Once on her feet, Erin stretched, drawing in a deep breath, sucking the dryness deep into her lungs, smelling the rocky scent of pure desert. She let herself bask for a moment in the heat. Sand meant the luxury of time at excavations—hours spent in the sun digging to free secrets long buried from the patient grains that had concealed them.
She didn’t have that luxury now.
She squinted at the sun. This late in winter, it would set at five o’clock, less than three hours from now. She recalled Bernard’s warning about the gates of Hell opening, but she pushed such fears aside for now.
Tommy certainly did not have even those three hours.
She turned as Jordan’s boots hit the sand next to her, helping Christian carry Tommy’s body into the desert, into this strange crater.
“Where are we?” Christian asked, his eyes narrowing in the sunlight, even though it was dimmed by ash to a harsh glare.
“Don’t know,” Erin said softly, feeling like she should whisper for some reason.
She studied the sides that curved up around her, noting the ridgeline was not as smooth as she had thought from the air, but looked rather more jagged, forming a natural palisade at the bowl’s rim. Heat radiated underfoot, more than she would have expected from this ash-covered day. It shimmered across the sand-filled crater, dancing with motes of dust.
Arella stepped away from them, heading toward the center of the crater. “Quickly with the boy” was all she said.
They followed her, mystified and confused—especially when she dropped to her knees in the sand and began digging with both hands.
Jordan cocked an eyebrow. “Maybe we should help her.”
Erin agreed.
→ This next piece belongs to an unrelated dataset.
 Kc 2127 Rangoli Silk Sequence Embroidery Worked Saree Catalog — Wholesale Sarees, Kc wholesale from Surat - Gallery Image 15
As Christian stood with Tommy in his arms, she joined Jordan and Rhun, digging shoulder to shoulder, scooping out the hot sand. Thankfully, the deeper she dug, the cooler the sand became.
Arella knelt back, letting them work, clearly still weak.
A half foot down, Erin’s fingertips hit something hard. A heady mix of anticipation and wonder rolled through her. What lay hidden here? How many times had it been buried and uncovered by passing sandstorms?
“Careful,” she warned the others. “It might be fragile.”
She slowed her movements, removing smaller amounts of sand, wishing that she had her digging tools, her whisks and brushes. Then a flake of black ash fell and stung her eye, reminding her that they needed to hurry.
Her pace picked up again, the others following her example.
“What is it?” Jordan asked, as it became clear that a layer of glass lay beneath them, swirling and rough, natural, as if something had melted the sand.
“I think it’s impact glass, maybe secondary to a meteor strike.” Erin tapped the surface with a fingernail, making it clink. “There’s a large deposit of such meteoric glass out in the Libyan desert. The yellow scarab on King Tut’s pendant was carved from a chunk of it.”
“Cool,” Jordan mumbled and returned to his labors.
Erin took a breath to wipe her brow with the back of her wrist. As Jordan and Rhun continued to clear the sand off the glass, she realized who worked so hard to free what lay buried here.
They were the prophesied trio . . . together again.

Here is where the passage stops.